13th May 2019
2nd July 2012 - What’s it going to take to stop people screwing up on social media?
Here we go again – another story about a big news announcement scuppered by a leak on Twitter.
The latest gaffe concerns Birmingham City’s appointment of new manager Lee Clark.
The evening before the Championship football club was due to unveil the former Huddersfield Town boss as its new manager, Clark’s son Jack let the cat out of the bag on Twitter.
Jack used his Twitter account @jakclark95 to tweet “Buzzing about my dad getting the #BCFC job”.
Minutes later, he followed it up with a tweet saying “Had a nice night with @gcpowellx and then to top it off my dad gets Birmingham job 🙂 brilliant… Xxx”.
There had already been media speculation that Clark was set to be named the new manager, so Jack’s tweet didn’t come as a total surprise. But, nonetheless, the leak took some of the wind out of the sails of the Birmingham club, which wanted to trumpet the appointment of a new boss after it was left in the lurch by former manager Chris Hughton, who was poached by Norwich City.

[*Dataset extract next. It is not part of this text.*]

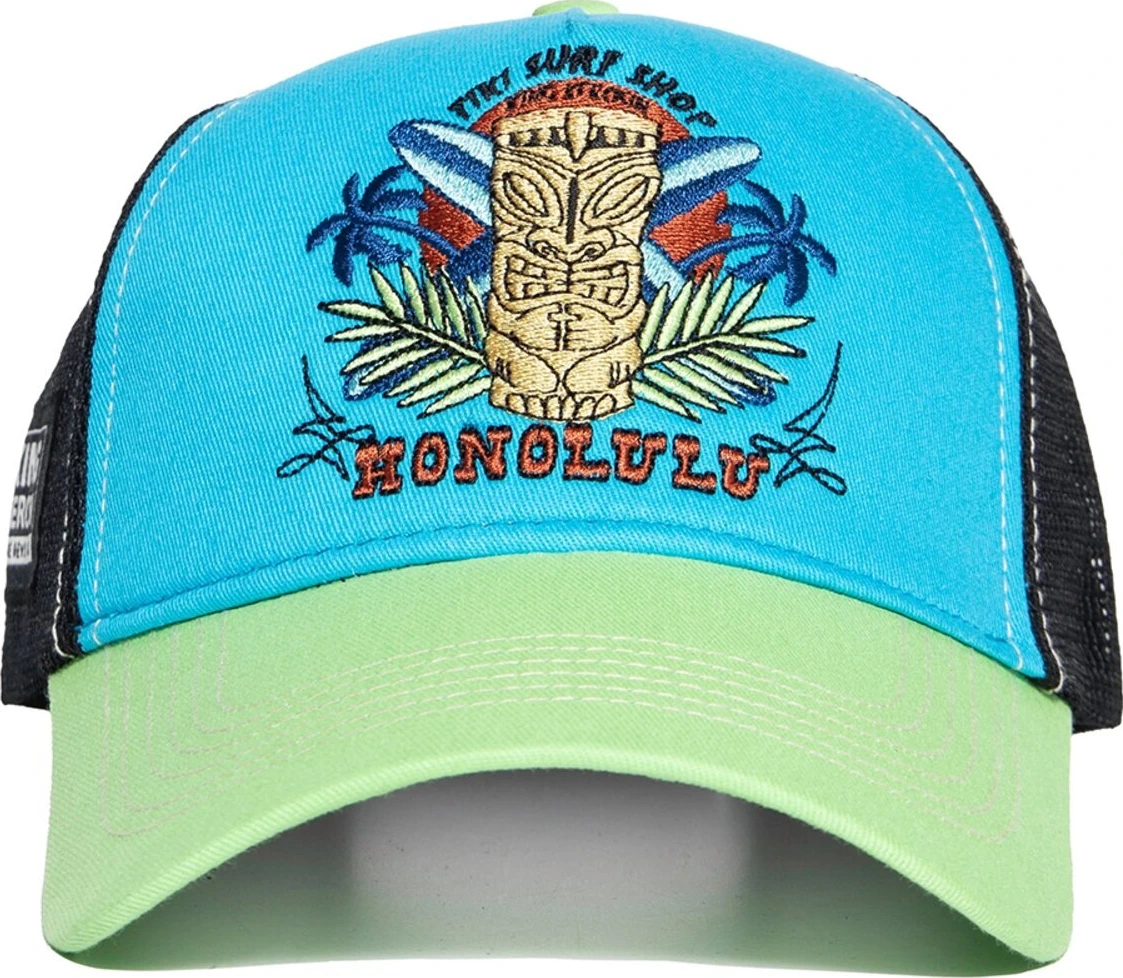 King Kerosin Honolulu cap green/turquoise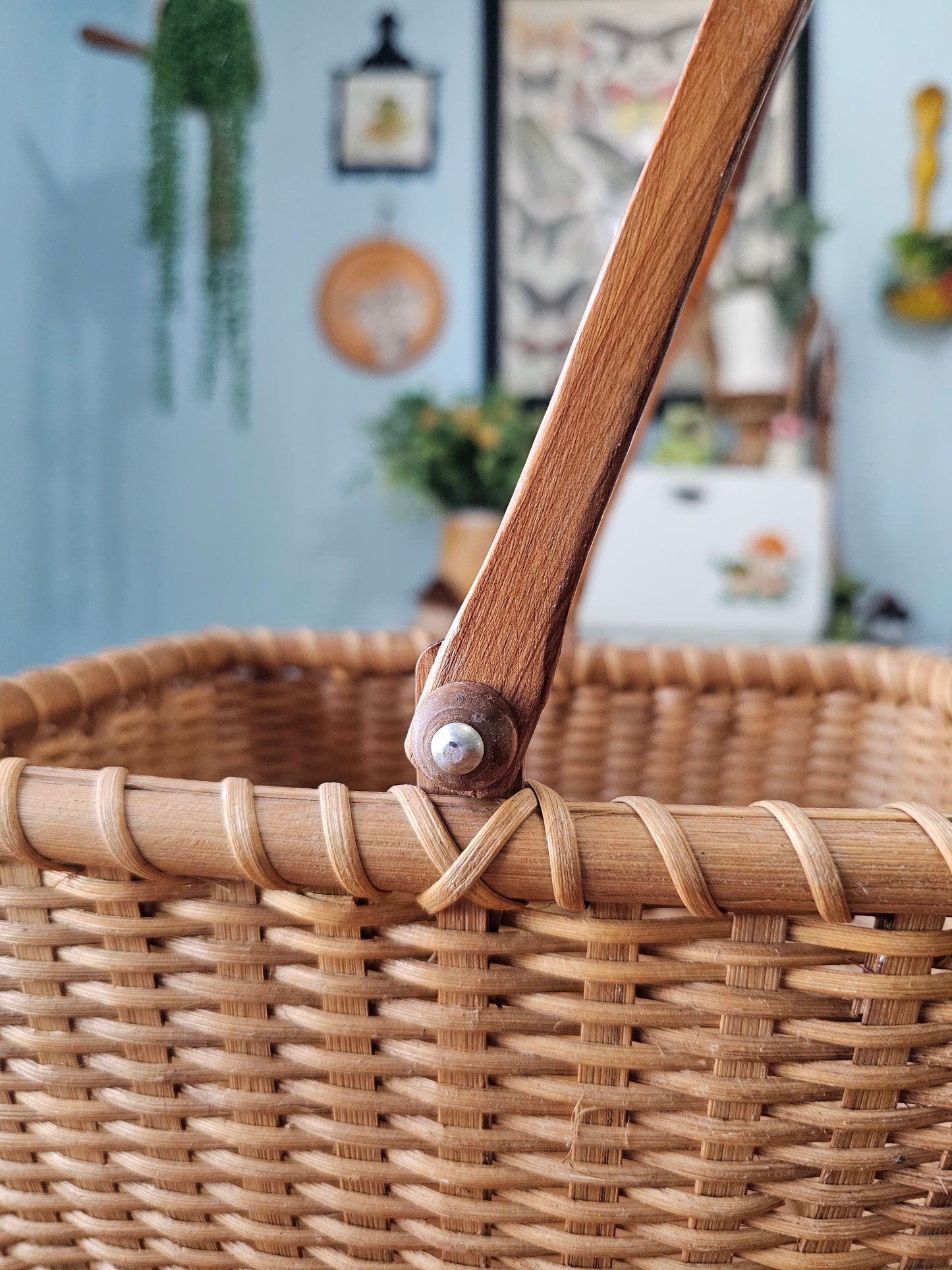 Rectangle Nantucket Swing Basket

So how do you stamp these leaks out?
That’s the million dollar question.
In such cases, the old-school draconian press officer in me aches to enforce the ‘don’t talk to the press’ or inappropriate use of social media policies of an employment contract.
But, in the digital age, the Clark case proves that even if all the parties involved keep stum, leaks can come from leftfield in the form of excitable close family members.
So if you can’t be draconian then you have to be an educator, and therein lies the rub.
Yes, it’s easy to say there needs to be more training for people about the rights and responsibilities of sharing thoughts in the public domain, especially using social media sites like Twitter and Facebook.
But if seemingly educated people like university students Joshua Cryer and Liam Stacey – Cryer was jailed for racially abusing former Liverpool and England striker Stan Collymore on Twitter and Stacey did the same to Bolton footballer Fabrice Muamba – can’t work out what they should and shouldn’t say on Twitter, what chance do the rest of us have?
Something needs to change and on a big scale but, frankly, I’ve no idea where to start. Do you know what should be done?